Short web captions
-*-*-
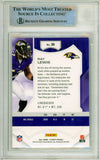 2021 Panini Playoff #30 Ray Lewis Baltimore Ravens BAS Autograph 10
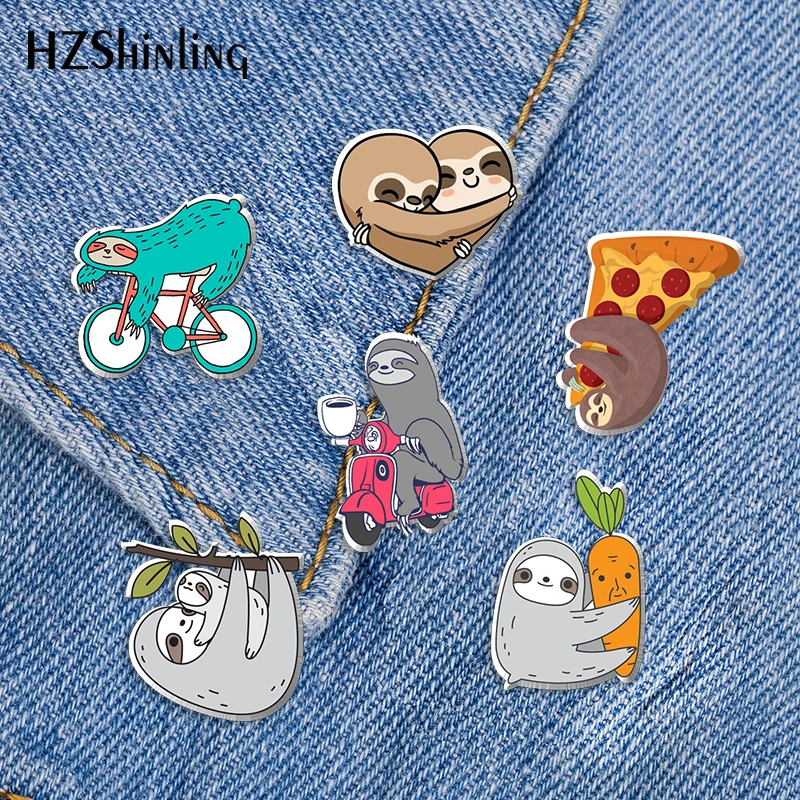 2022 New Sloth Hear…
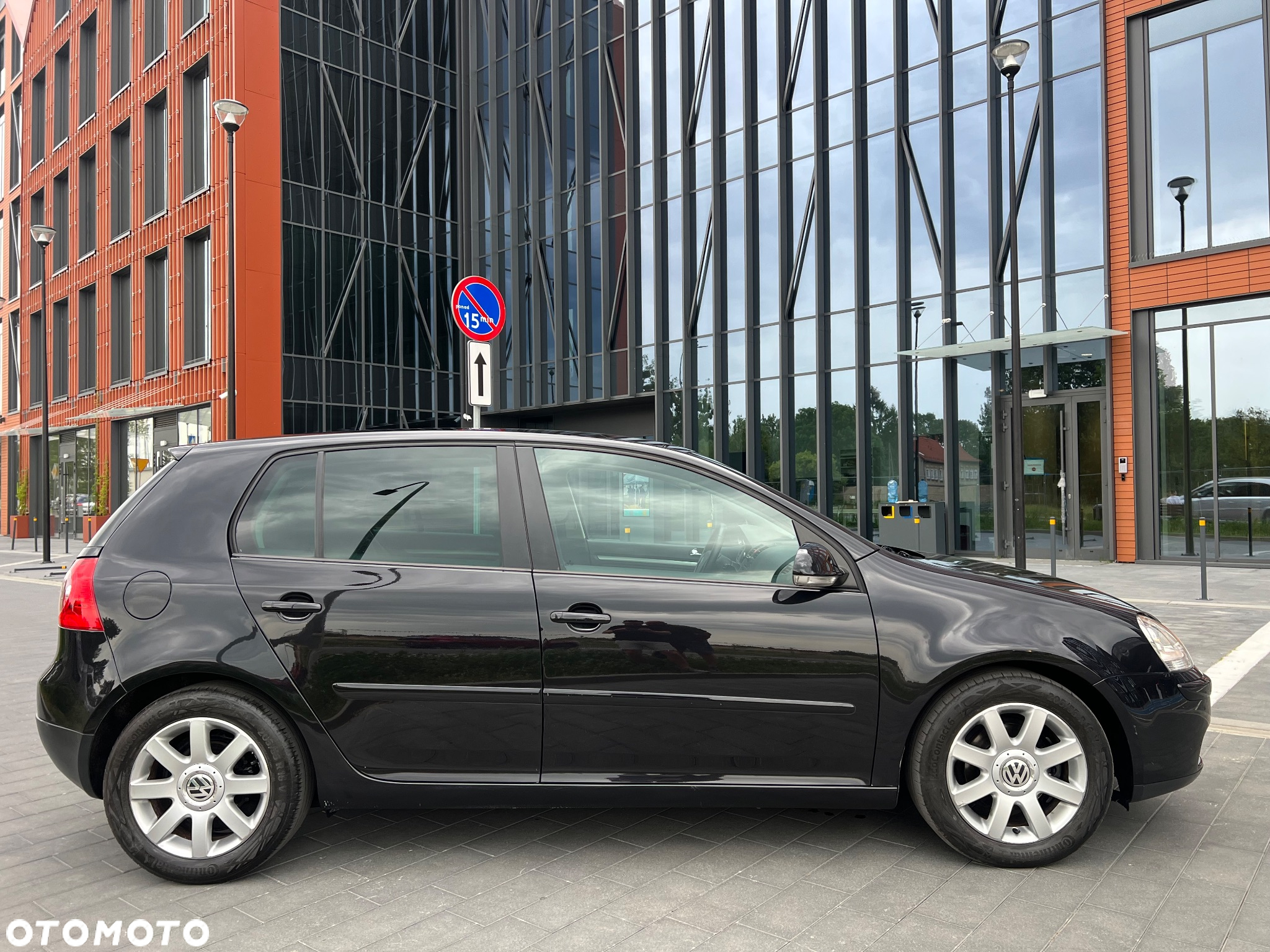 Volkswagen Golf V 1.6 Trendline - 8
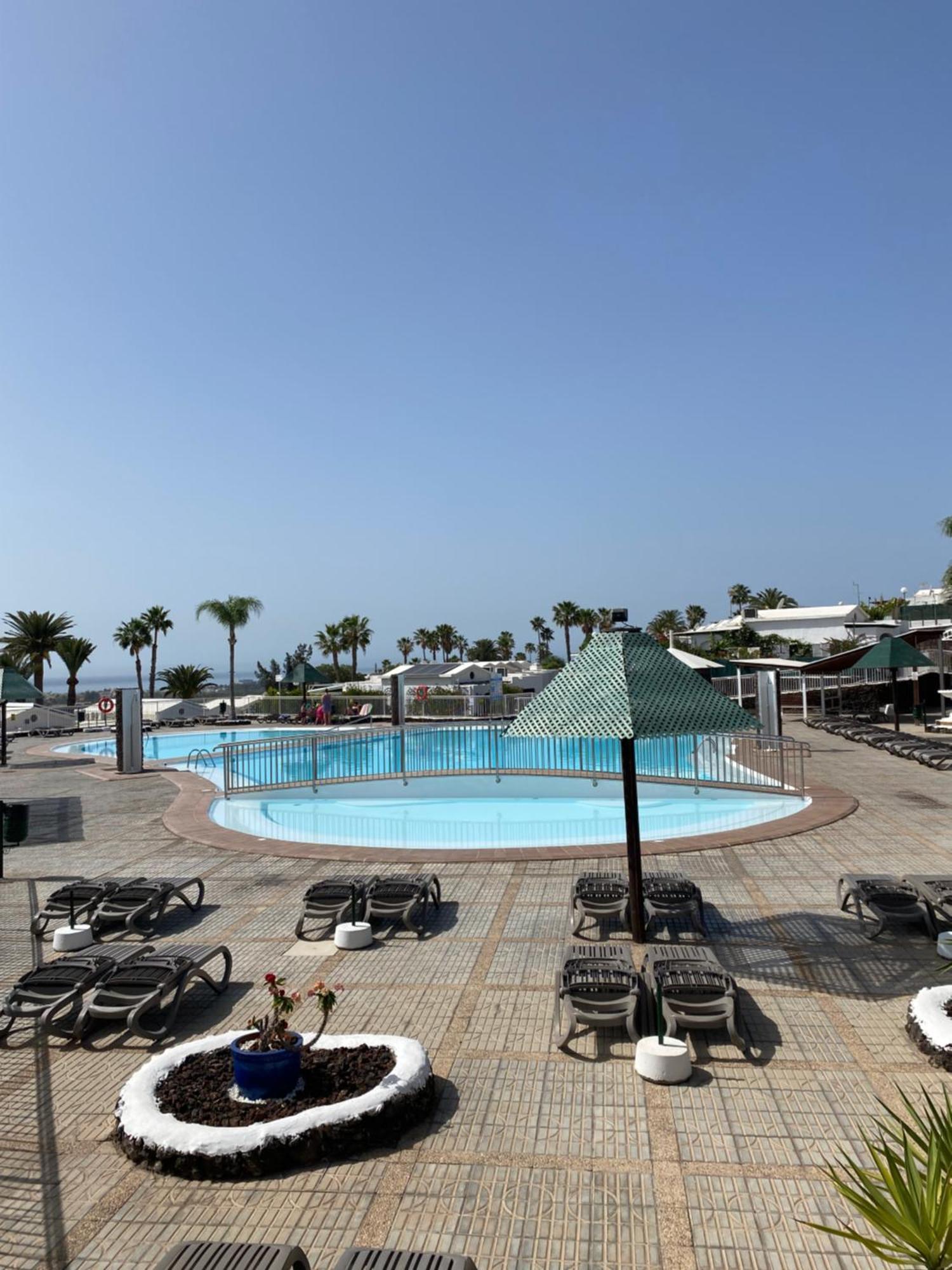 Duplex Vista Dorada 64 Lejlighed Maspalomas  Eksteriør billede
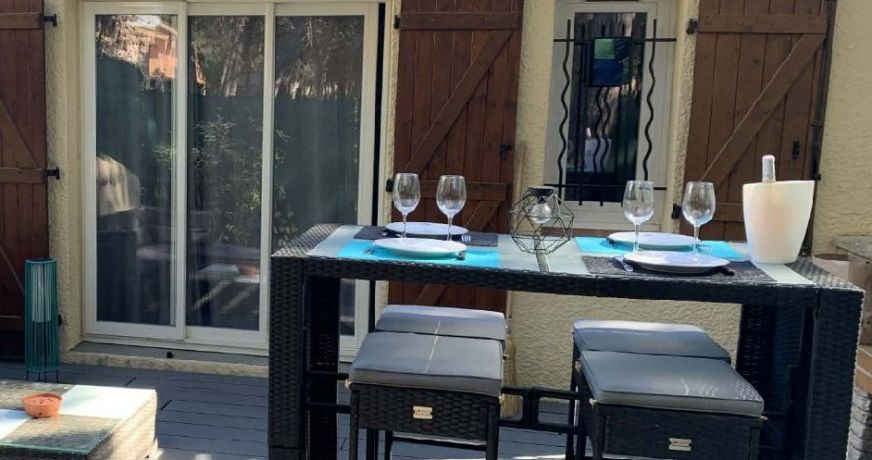 vente Maison en résidence Cap D'agde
-*-*-
**TRY IT:**
Retype exactly the lines above, starting at the line containing "Volkswagen Golf V 1.6 Trendline - 8" and ending with the last line, both included; leave out the pictures.

**THE COMPLETED TASK:**
 Volkswagen Golf V 1.6 Trendline - 8
 Duplex Vista Dorada 64 Lejlighed Maspalomas  Eksteriør billede
 vente Maison en résidence Cap D'agde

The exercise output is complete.